INPUT
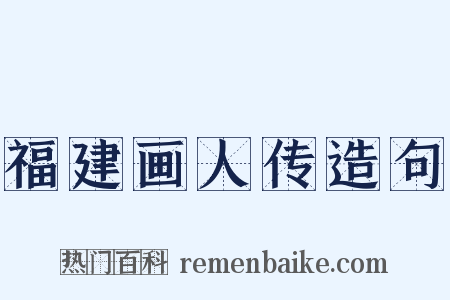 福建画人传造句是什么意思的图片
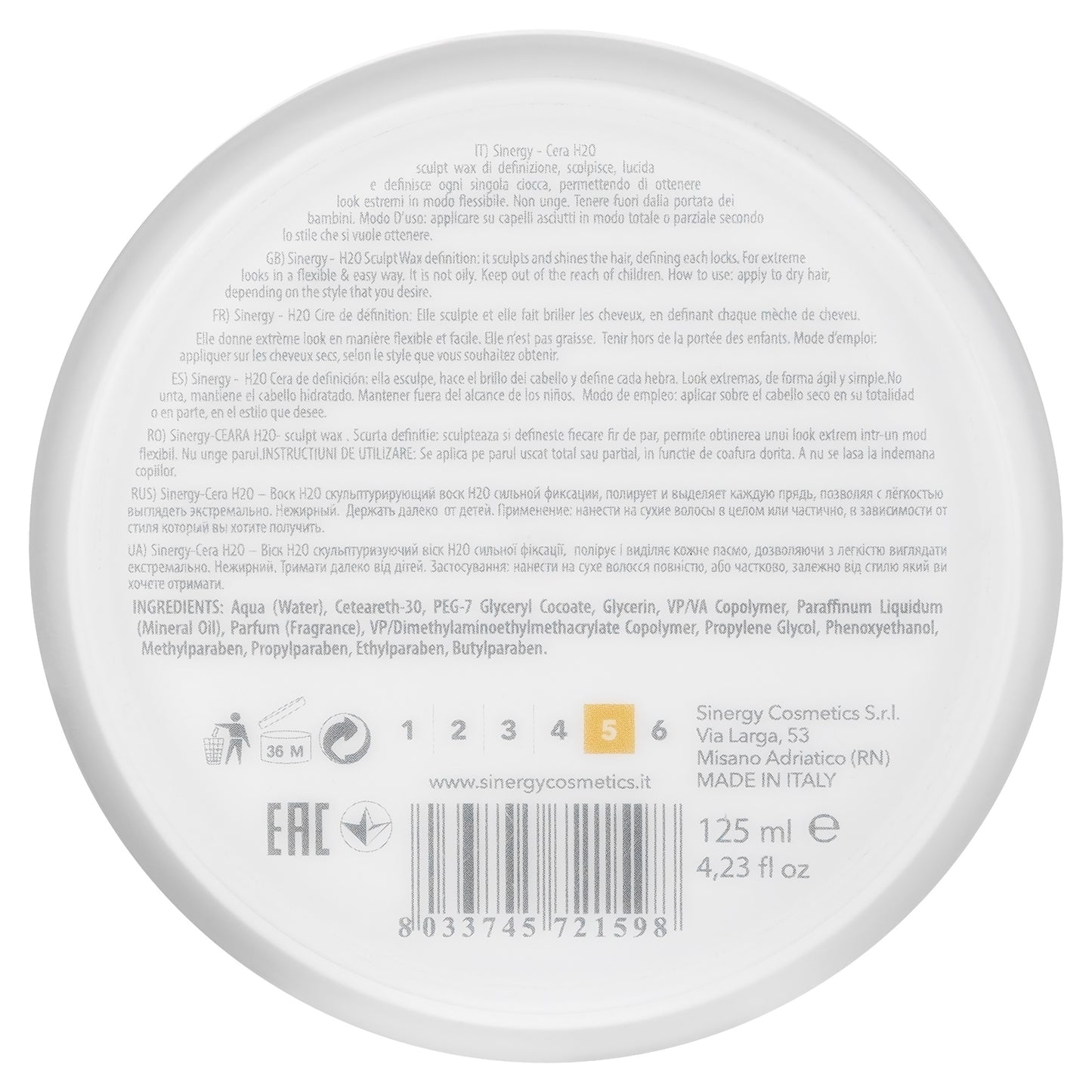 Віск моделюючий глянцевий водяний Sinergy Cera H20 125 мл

...

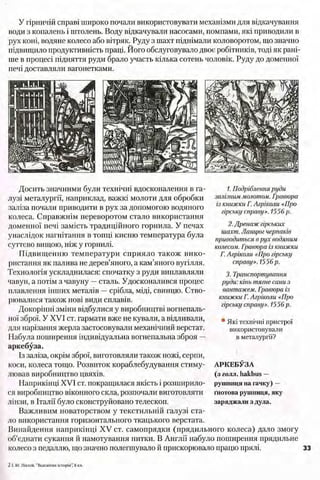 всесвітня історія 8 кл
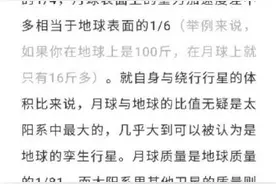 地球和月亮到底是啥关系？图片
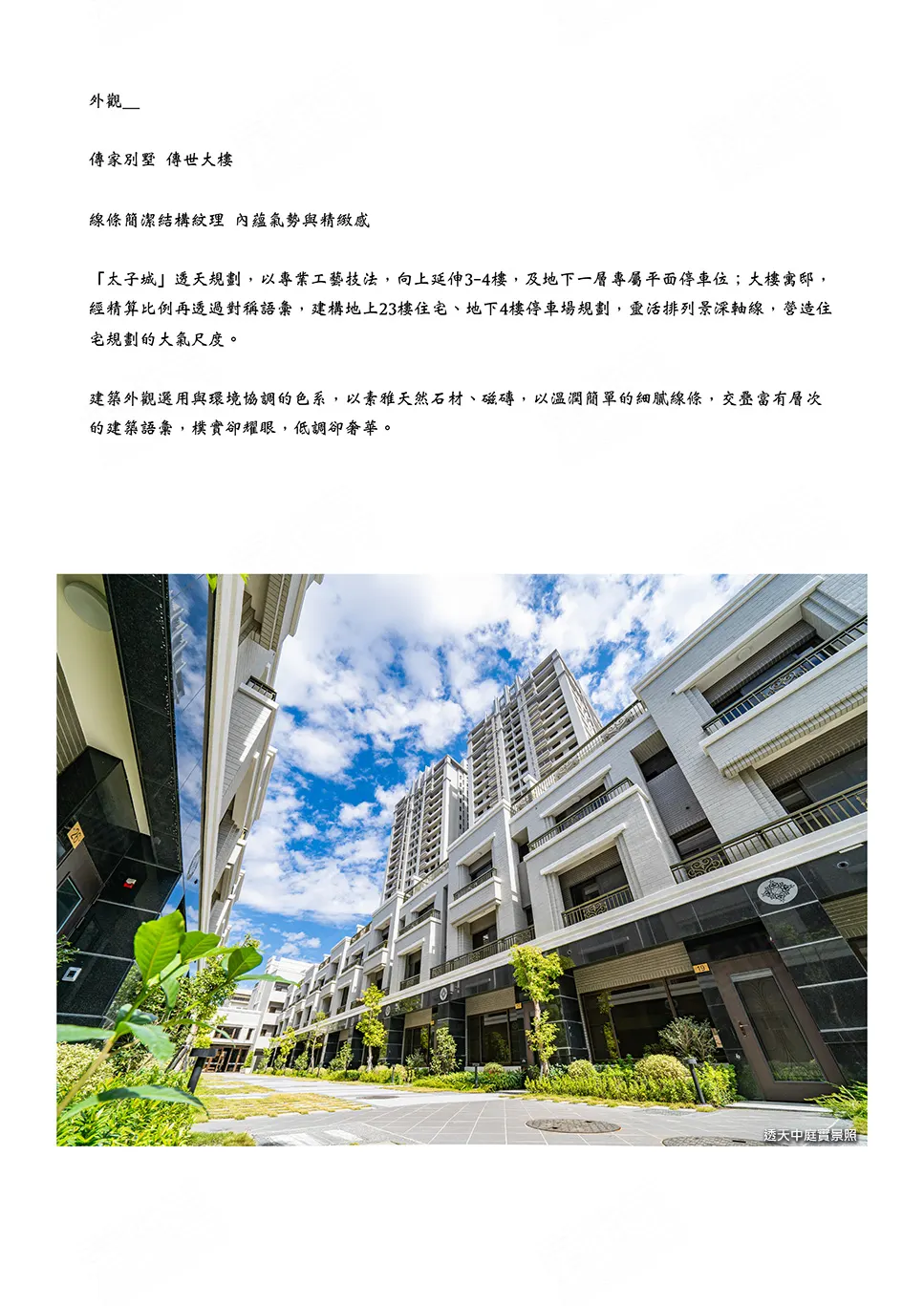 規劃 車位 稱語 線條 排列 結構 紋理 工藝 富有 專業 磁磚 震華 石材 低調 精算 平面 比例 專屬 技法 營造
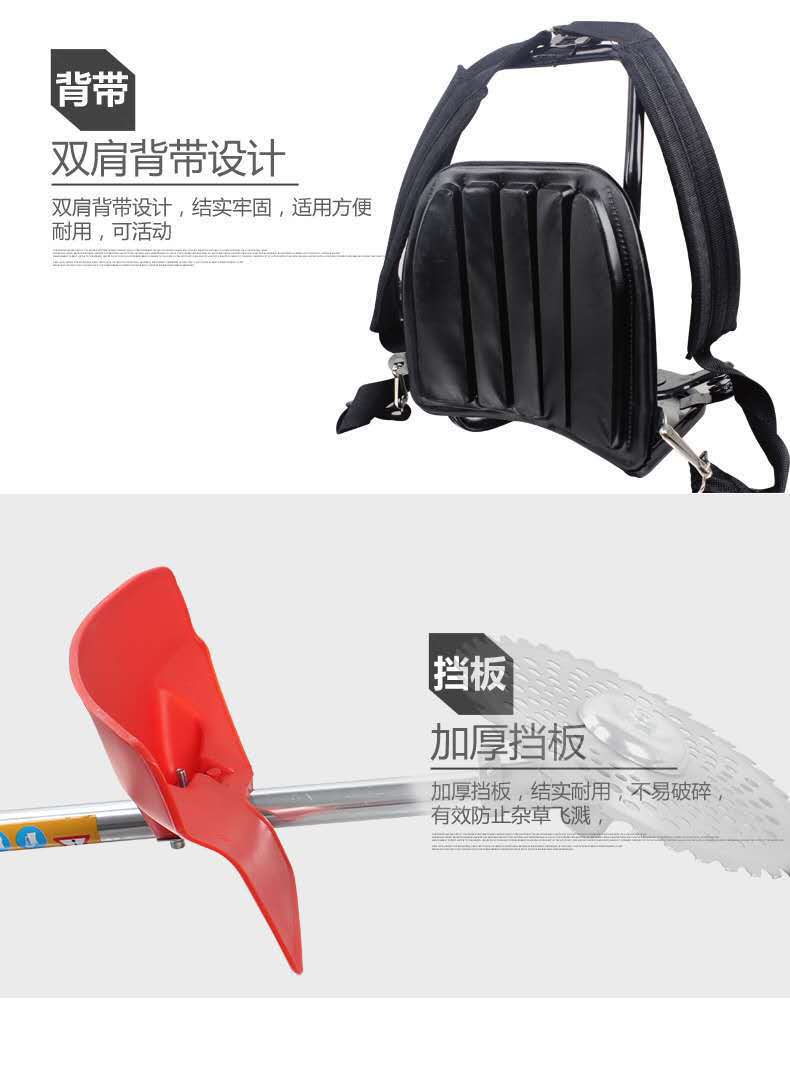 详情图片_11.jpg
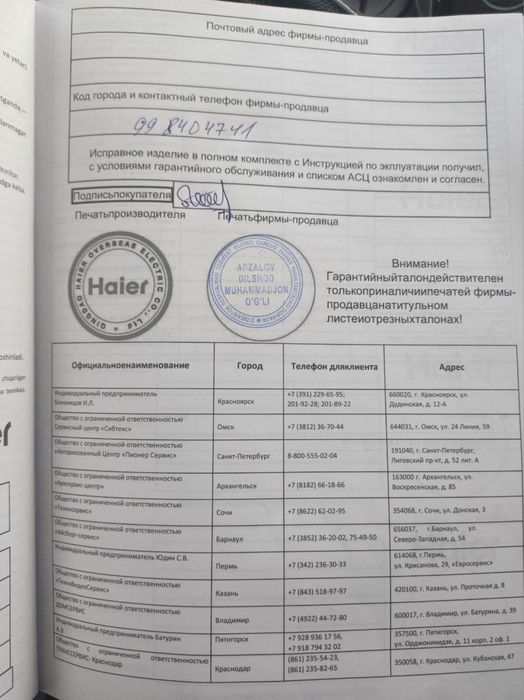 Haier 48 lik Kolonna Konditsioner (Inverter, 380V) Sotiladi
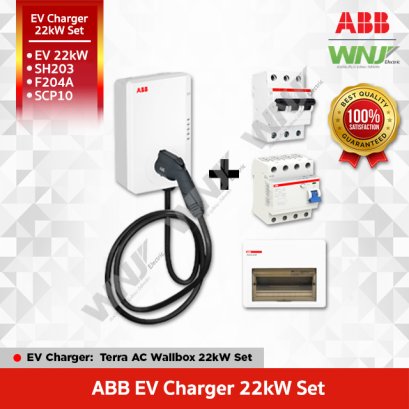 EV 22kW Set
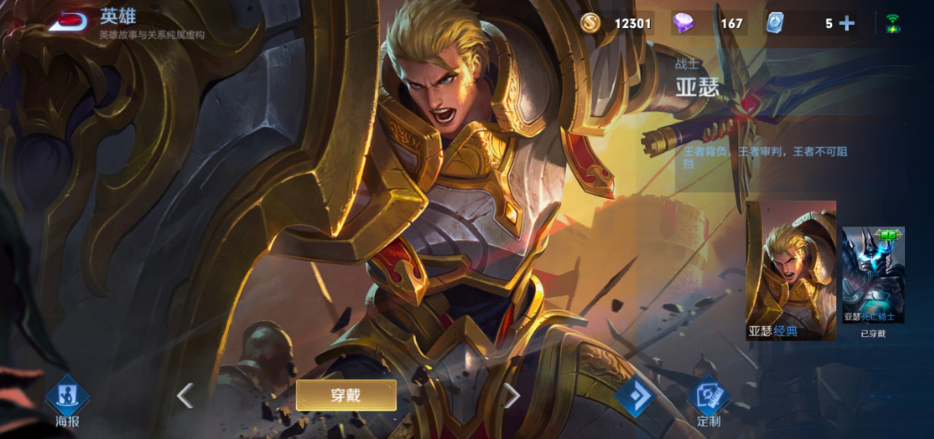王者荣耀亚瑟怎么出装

WORK TO COMPLETE
Output only the lines above from the line that holds "福建画人传造句是什么意思的图片" through the line that holds "Віск моделюючий глянцевий", both ends included, and exclude pictures.

EXERCISE RESPONSE
 福建画人传造句是什么意思的图片
 Віск моделюючий глянцевий водяний Sinergy Cera H20 125 мл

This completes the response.